Steven D'Aprano posted on Wed, 26 Aug 2009 10:30:55 +1000 as excerpted:

> On Wed, 26 Aug 2009 04:43:22 am Ron Johnson wrote:
>> On 2009-08-25 10:01, Duncan wrote:
>> [snip]
>>
>> > But if it's all there on the MP3 player, there's no need to worry
>> > about trying to decide just /what/ to copy over, and then finding
>> > you're in a totally different mood, and it's the /wrong/ thing for
>> > your new mood, when you're on your trip and don't have access to just
>> > go grab something else.
>>
>> However did we survive in the eras of CDs, cassette tapes, 8-track
>> tapes, transistor radios, or before?
> 
> It's the magpie urge to collect "stuff". Some people collect music, some
> people collect stamps, some people collect those Russian nested dolls,
> and some people collect computer games that they never play.

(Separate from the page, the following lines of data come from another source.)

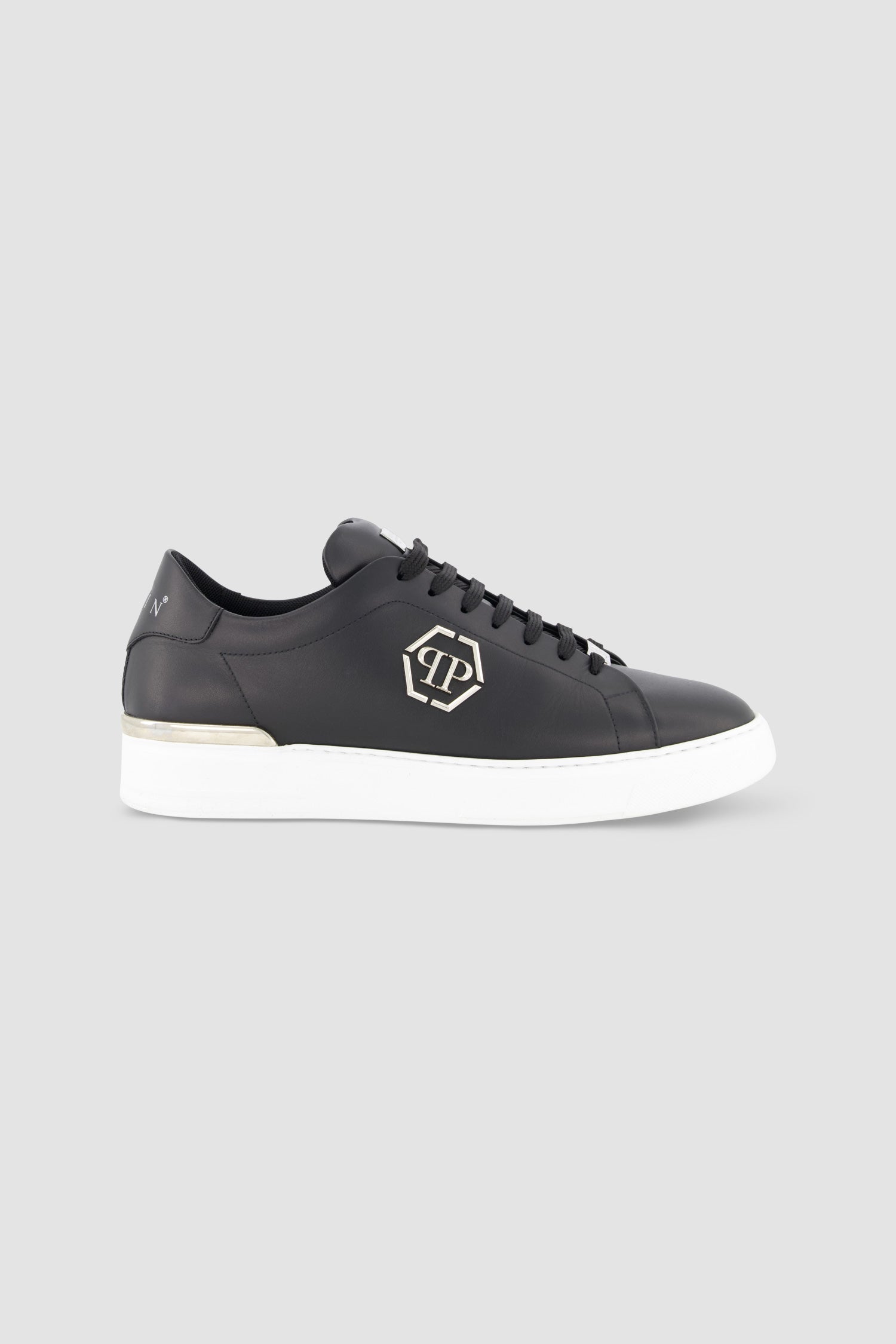 Philipp Plein Black Leather Lo-Top Hexagon Sneaker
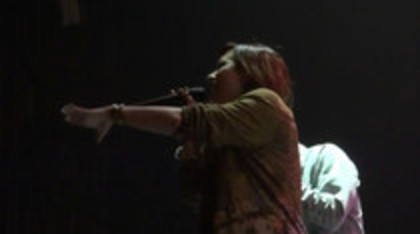 Demi Lovato - My Love is Like A Star - Soundcheck (1006) Demi Lovato - My Love is Like A Star - Soundcheck (1006)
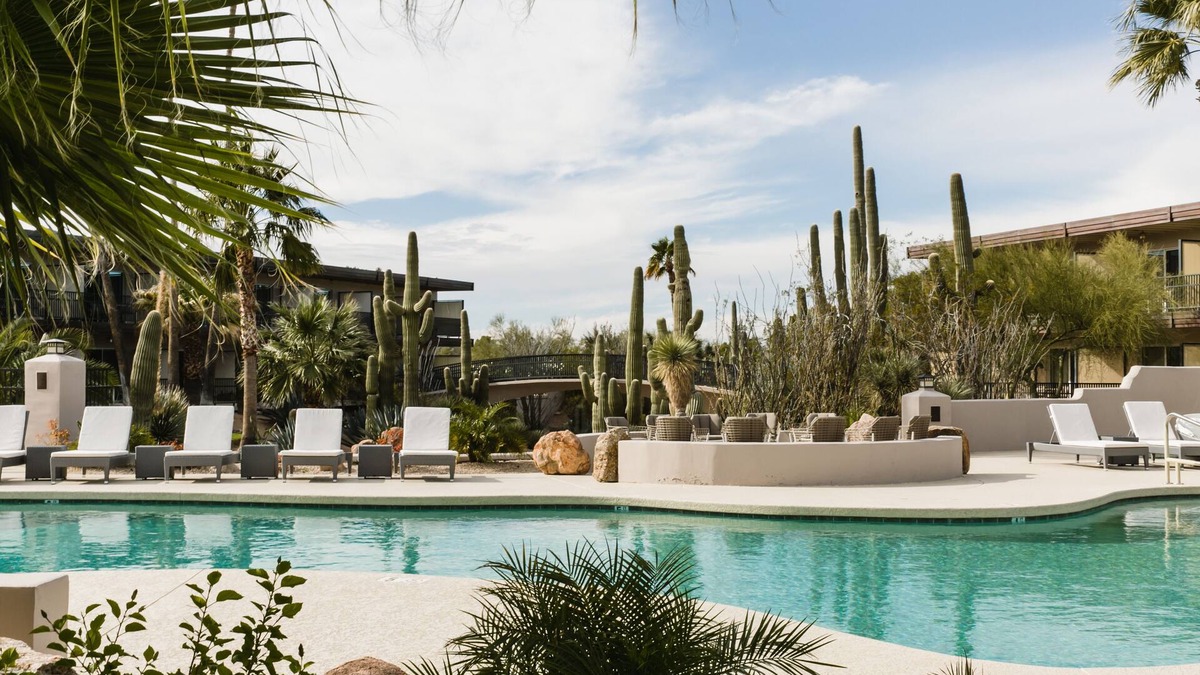 Carefree Hotel | CIVANA Wellness Resort and Spa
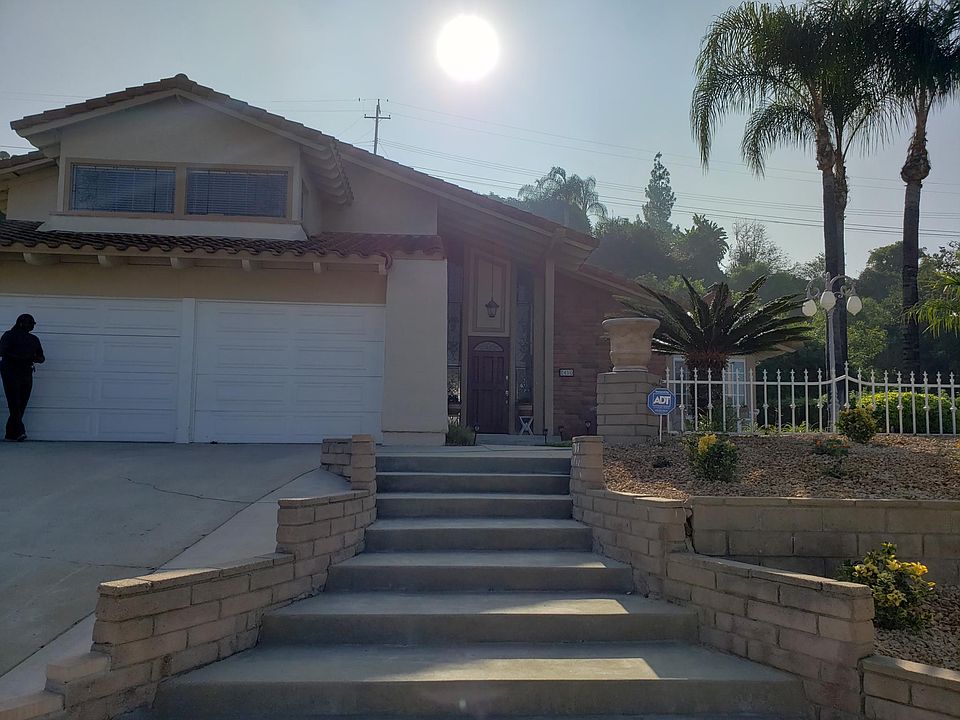 1st image of 2450 Rio Branca Dr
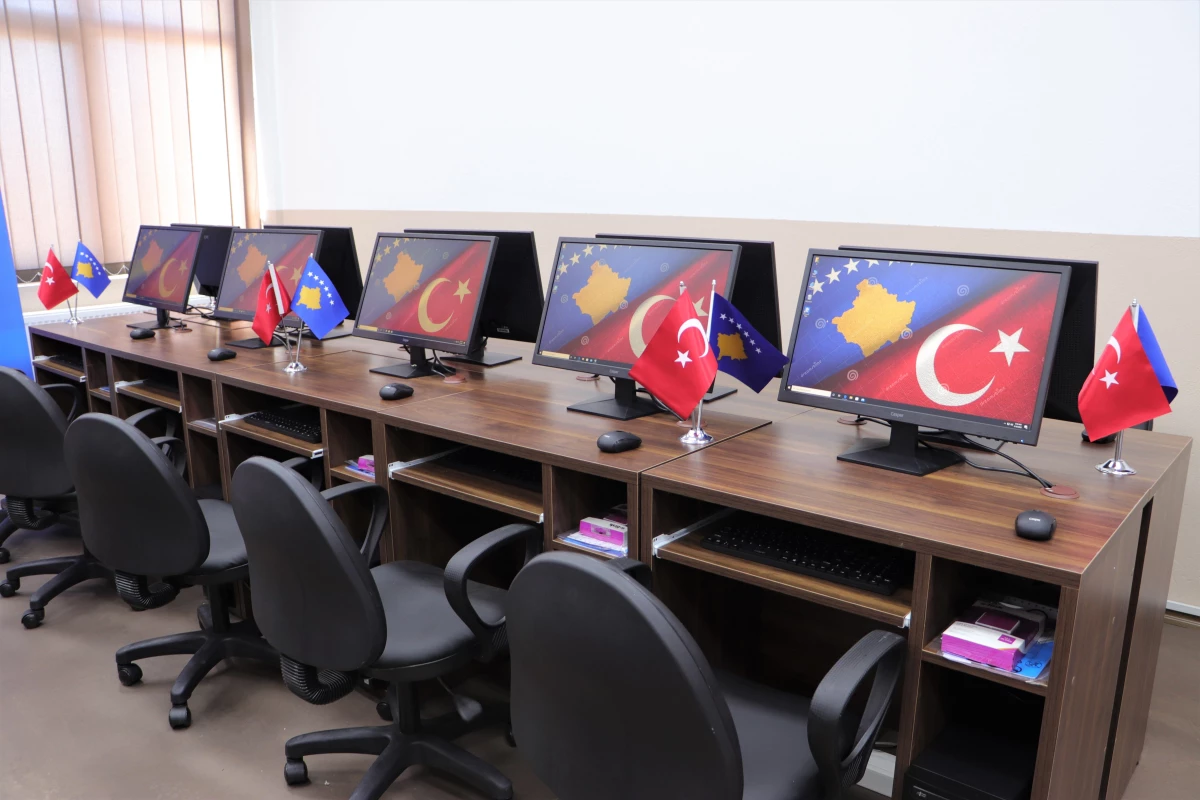 Son dakika haber! Türk askerinden Kosova\'da eğitime destek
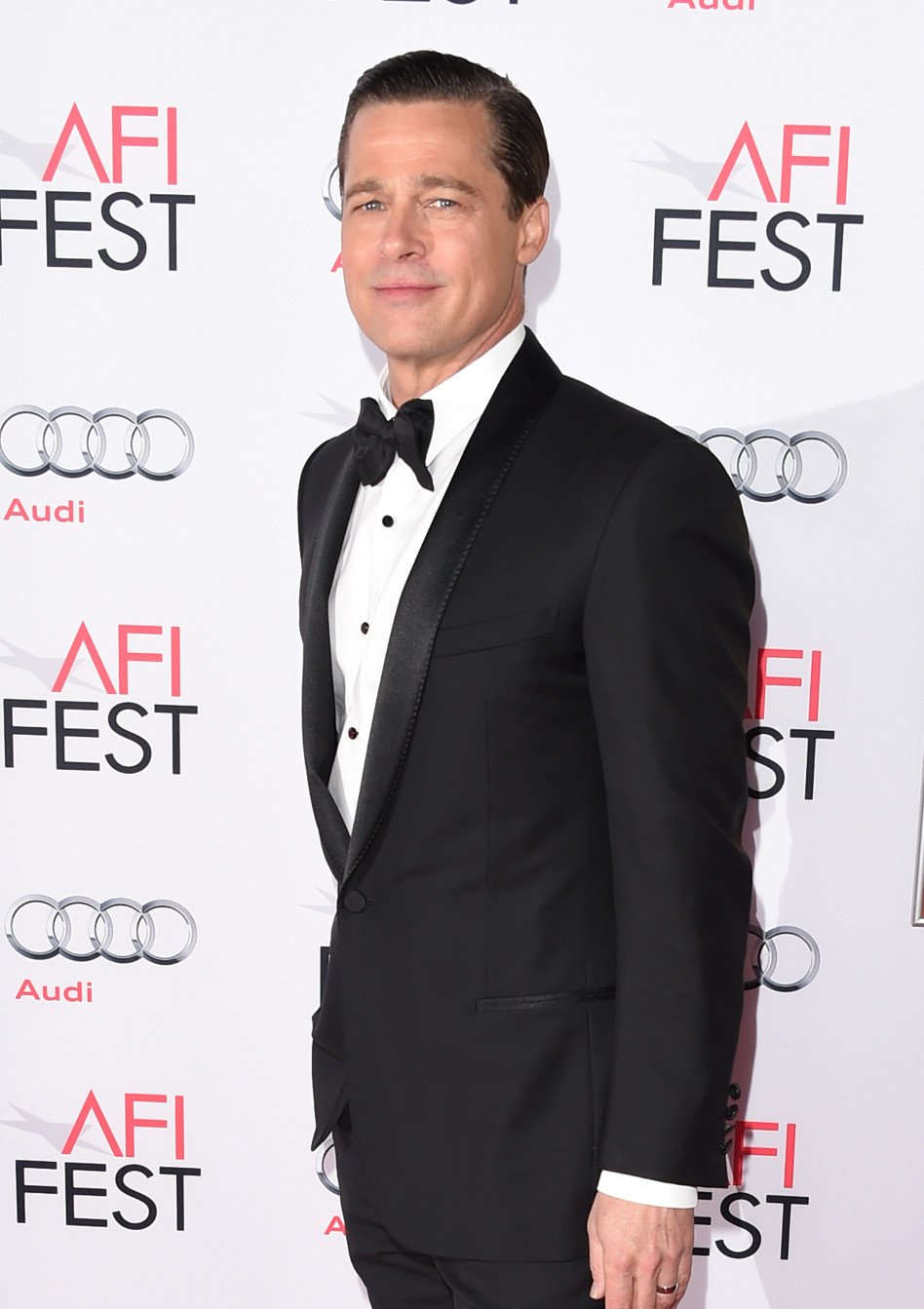 שתיין מומחה. בראד פיט (צילום : Gettyimages)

Hmm... I believe you're right! =:^)

Here, I collect reading material, second-hand books, magazines I used to 
subscribe to before I realized I'd never read them all, etc.  I inherited 
the tendency from my mom.  Both she and I tend to make sure we have 
several books with us when we go on a trip, tho most of the time we never 
open a one, or only read half a chapter.  But, I've come to realize, it's 
an important "security blanket" for us.  Should disaster happen, another 
9/11 maybe, snowed in somewhere, the car break down and leave us stranded 
in some no-name town for a couple days while the local auto-parts store 
orders a part from half way around the world... whatever... It's 
important for us to have that "security blanket" just in case... so we 
know we'll always have something to read for a length of time at least 
3-5 times the length of the originally planned trip, if it came to it and 
we were stuck somewhere.

Extending that to the far more books we collect at home, I've often 
thought, with subconscious and mental stability implications that I 
didn't realize until maybe three years ago, that if worse came to worse 
and say the Internet died, or they suddenly outlawed Linux since I'm not 
going back to slaveryware, or something, that at least I'd have books to 
read for several years.

The same has been true, to a lessor extent due to the cost, for music.  
I've at least played all my CDs a few times, while I've not read all my 
books even once.  And I'm really not buying much of either, these days.  
But for some time after I switched to primarily Internet streaming, I 
used streamripper to save off several gigs of MP3 streams.  Then I quit 
doing that too, as I realized I was accumulating far more than I'd ever 
sort thru, at the rate I was going.  Now I just stream, most of the time, 
and very seldom listen to my CDs /or/ accumlated MP3 streams.  But, it's 
a security blanket for me now, in the event that the budget gets tight 
enough I drop Internet (tho that would now mean dropping phone, since I'm 
VoIP, and of course all the newsgroups/lists I participate in, and Gentoo 
updates, and... so it's not likely to happen).  I now have /both/ years 
worth of books to read /and/ years worth of music to listen to.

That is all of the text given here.